Here, I translate it as the velocity of capital regarding patent applications, or the speed of circulation in capital between patentable inventions. In short, it is the ratio of fixed capital ‘ck’ divided by the number of resident patent applications. Yes, I know that I labelled capital as female, and inventions as male, and I propose to drop the metaphor at this very point. Velocity of circulation in females between males is not something that decent scientists should discuss. Well, some scientists could, like biologists. Anyway, I hypothesise that if my selection function is really robust, it should be constant over space and time. In probabilistic terms, it means that the mean ratio of fixed capital per one patent application, in millions of 2011 US$ at current Purchasing Power Parities, should be fairly constant between countries and over time, as well as it should display relatively low and recurrent variability (standard deviation divided by mean) inside places and years. The more disparity will I be able to notice, like the more arithmetical distance between local means or the more local variability around them, the more confidently can I assume there are many selection functions in that evolutionary game.

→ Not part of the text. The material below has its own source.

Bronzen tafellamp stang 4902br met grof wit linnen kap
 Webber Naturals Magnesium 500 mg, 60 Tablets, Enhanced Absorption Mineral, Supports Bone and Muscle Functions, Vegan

So I computed the mean value of this ratio and its variance across countries (get it from this link), as well as over years (this is downloadable, too). On the whole, the thing is quite unstable. There is a lot of disparity between mean values, as well as around them. Still, geographical disparity seems to be stronger, in terms of magnitude, than changes observable over time. It allows me to formulate two, quite tentative, and still empirically verifiable hypotheses. Firstly, at a given time, there is a lot of different, local selection functions between capital holders and patentable inventions. Secondly, the geographical disparity in these selection functions is relatively recurrent over time. We have an internally differentiated structure, made of local evolutionary mechanisms, and this structure seems to reproduce itself in time. Returning to my linear model, I could go into nailing down linear functions of ln(Patent Applications) = a1*ln(ck) + residual ln for each country separately. Still, I have one more interesting path: I can connect that evolutionary game to the issue of food deficit, which I explored a bit in my previous posts, namely in ‘Cases of moderate deprivation’  and in ‘‘Un modèle mal nourri’ . I made a pivot out of my database and I calculated mean capital per patent application, as well as its variance across different depths of food deficit . Interesting results turn out, as usually with this cruel and unpleasant variable. Between different classes of food deficit, regarding the ratio of capital per one patent application, disparities are significant, and, what seems even more interesting, disparity around the local means, inside particular classes of food deficit, is strongly idiosyncratic. Different depths of food deficit are accompanied by completely different selection functions in my evolutionary game.

So far, I have come to more interesting results by applying the logic of economic equilibrium in my evolutionary game, than by using plain linear regression. This is the thing about correlations and regressions: if you want them to be really meaningful, you need to narrow down your hypotheses really tight, just as Milton Friedman used to say. By the way, you can see here, at work, the basic methodology of statistical analysis, as presented, for example, by a classic like Blalock[5]: first, you do your basic maths with descriptive statistics, and only in your next step you jump to correlations and whatnot.

[1] Bachelier, Louis. Théorie de la spéculation. Gauthier-Villars, 1900.

[2] Feenstra, Robert C., Robert Inklaar and Marcel P. Timmer (2015), “The Next Generation of the Penn World Table” American Economic Review, 105(10), 3150-3182, available for download at

[3] Scherer, Frederic M. “The size distribution of profits from innovation.” The Economics and Econometrics of Innovation. Springer US, 2000. 473-494.

[4] Young, H. Peyton. Individual strategy and social structure: An evolutionary theory of institutions. Princeton University Press, 2001.

[5] Blalock, Hubert Morse. Social Statistics: 2d Ed. McGraw-Hill, 1972.